The principle of the proposed sensor is based on the kinematics of a 6 DOF parallel mechanism. When using a 6 DOF parallel mechanism as an actuator, inverse kinematics is used to produce the desired motion. On the other hand, when used as a sensor, it is required to solve forward kinematics to obtain six positions and orientations accurately. We solved the inverse kinematics of the parallel mechanism analytically and solved the forward kinematics using the numerical method. Then the result of the forward kinematics was verified by comparing it with the inverse kinematics. Additonally, the singularity must be removed to get one output from one input. We eliminated singularity by changing the direction of the revolute joint and verified it experimentally.

2.1. Inverse Kinematics

Figure 2 shows the schematic diagram of the 6-6 RUS parallel mechanism. The $O-XYZ$ coordinate system is a fixed coordinate system attached to the base platform. The $O^{\prime }-X^{\prime }{Y}^{\prime }{Z}^{\prime }$ coordinate system is a moving coordinate system attached to the moving platform. $B_i, P_i$ represent the vertices of the base platform and moving platform respectively and $A_i$ is defined as the point where two links $r_{1i}$ and $r_{2i}$ contact. $B_i, A_i$ and $P_i$ are composed of revolute, universal and spherical joints respectively, forming a parallel mechanism. Let the position of the point $\mathrm{O}\prime$ with respect to the $O-XYZ$ coordinate system be ${\left[x y z\right]}^T$, with orientation angles of ${\left[\psi \theta \phi \right]}^T$. Then the transformation matrix from the $O-XYZ$ coordinate system to the $O^{\prime }-X^{\prime }{Y}^{\prime }{Z}^{\prime }$ coordinate system is represented by Equation (1).

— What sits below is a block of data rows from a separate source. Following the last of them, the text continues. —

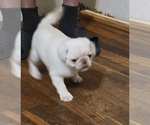 Small #15 Pug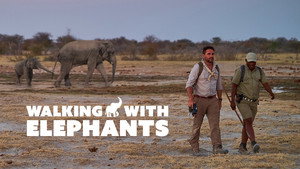 Walking with Elephants kép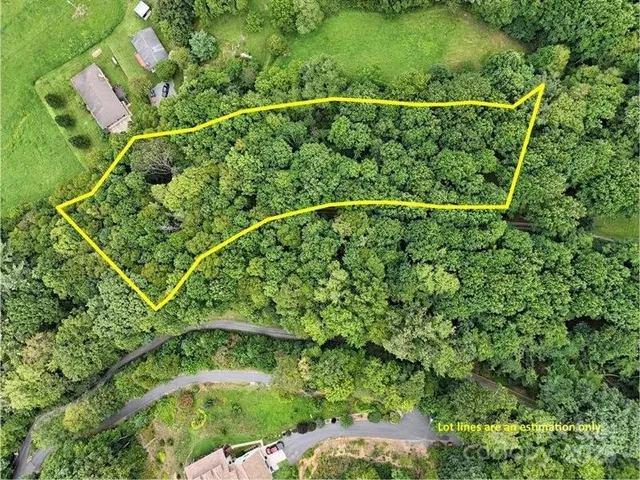 a view of a yard with a plant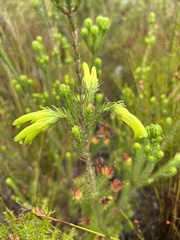 Erica unicolor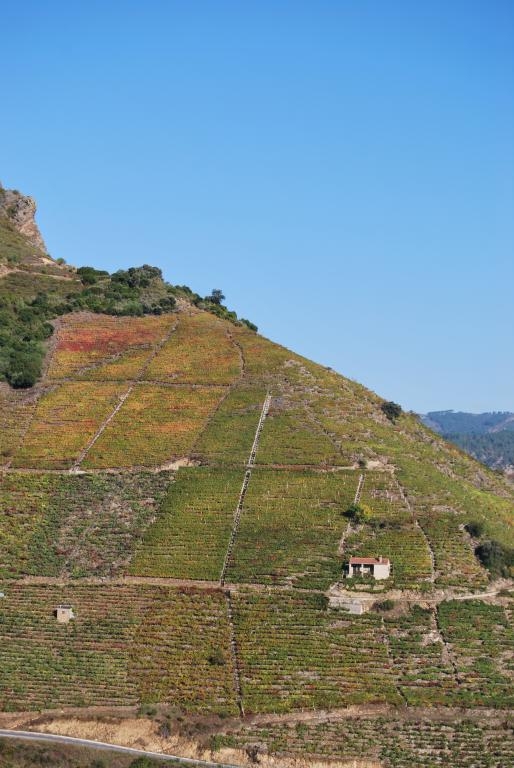 Ribeira Sacra: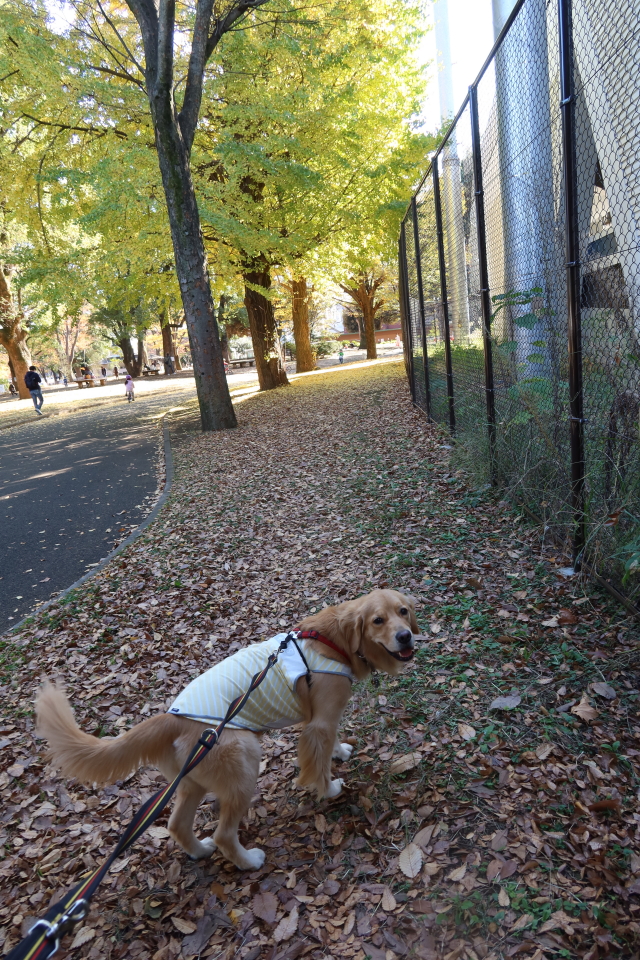 ファイル 7845-5.jpg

$$\mathrm{T}=\left[\begin{array}{cccc}{q}_{11}& q_{12}& q_{13}& x\\ q_{21}& q_{22}& q_{23}& y\\ q_{31}& q_{32}& q_{33}& z\\ 0& 0& 0& 1\end{array}\right]$$

(1)

$$\begin{array}{l}{q}_{11}=c\theta c\phi \hfill \\ q_{12}=-c\theta s\phi \hfill \\ q_{13}=s\theta \hfill \\ q_{21}=c\psi s\phi +s\psi s\theta c\phi \hfill \\ q_{22}=c\psi c\phi -s\psi s\theta s\phi \hfill \\ q_{23}=-s\psi c\theta \hfill \\ q_{31}=s\psi s\phi -c\psi s\theta c\phi \hfill \\ q_{32}=s\psi c\phi +c\psi s\theta s\phi \hfill \\ q_{33}=c\psi c\theta \hfill \end{array}$$

(2)

In Equation (2), the variables $q_{ij}$ for $i,j=1, 2, 3$ are elements of the product of the rotation matrix along $X-Y-Z$ axis as shown in Figure 3 The length of the base platform’s one side and moving platform are $r_b$, $r_p$ respectively and the revolute joint angles are ${\alpha }_i$. Then the positions of $A_i, P_i$ with respect to $O-XYZ$ are given as Equations (3) and (4). Equation (5) shows the terms in Equations (3) and (4)

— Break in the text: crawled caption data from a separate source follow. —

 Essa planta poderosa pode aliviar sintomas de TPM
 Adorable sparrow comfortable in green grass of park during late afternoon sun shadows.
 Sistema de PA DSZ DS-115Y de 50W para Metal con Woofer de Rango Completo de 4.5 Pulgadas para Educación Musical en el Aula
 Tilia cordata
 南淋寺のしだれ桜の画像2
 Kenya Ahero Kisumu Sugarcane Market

$${ }^O{A}_i={ }^O{B}_i+\left[\begin{array}{c}{r}_{1i}cos{\alpha }_i\cos \left(\frac{\pi }{3}\left(i-1\right)\right)\\ r_{1i}cos{\alpha }_i\sin \left(\frac{\pi }{3}\left(i-1\right)\right)\\ -r_{1i}sin{\alpha }_i\\ 1\end{array}\right]$$

(3)

$${}_{ }{}^{O}P{}_i=T {}_{ }{}^{O^{\prime }}P{}_i$$

(4)

$${}_{ }{}^{O}B{}_i=\left[\begin{array}{c}{r}_b\cos \left(\frac{\pi }{3}\left(i-1\right)\right)\\ r_b\sin \left(\frac{\pi }{3}\left(i-1\right)\right)\\ 0\\ 1\end{array}\right] ,{}_{ }{}^{O^{\prime }}P{}_i=\left[\begin{array}{c}{r}_p\cos \left(-\frac{\pi }{3}\left(i-1\right)\right)\\ r_p\sin \left(-\frac{\pi }{3}\left(i-1\right)\right)\\ 0\\ 1\end{array}\right]$$

(5)

Finally, we could get Equation (6) which represents the distance between two points $A_i$ and $P_i$. Simplifying Equation (6), we could get six independent equations which form Equation (7). Equation (7) often appears in kinematics and the solution is well known as the tangent half-angle substitution. If we define $t_i=tan\frac{{\alpha }_i}{2}$, the quadratic equations with respect to $t_i$ are found as Equation (8).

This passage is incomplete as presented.